- Collected material -

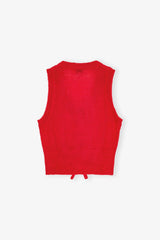 Light Mohair Tie String Vest racing red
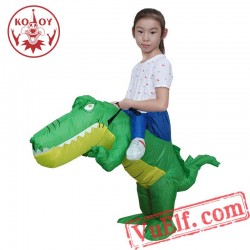 Kids Crocodile Ride On Inflatable Blow Up Costume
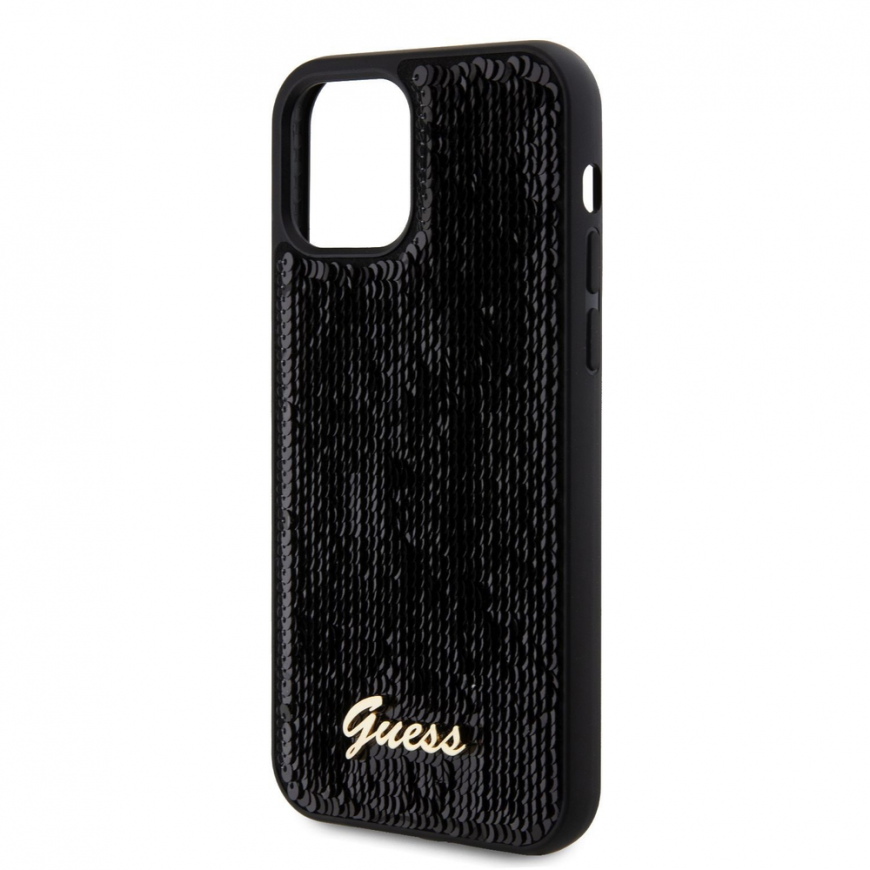 Case Guess Sequin Script Logo Case iPhone 12|12 Pro Black – 4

- Work request -
Type the listing above out again exactly, and omit all pictures.

- Output below -
 Light Mohair Tie String Vest racing red
 Kids Crocodile Ride On Inflatable Blow Up Costume
 Case Guess Sequin Script Logo Case iPhone 12|12 Pro Black – 4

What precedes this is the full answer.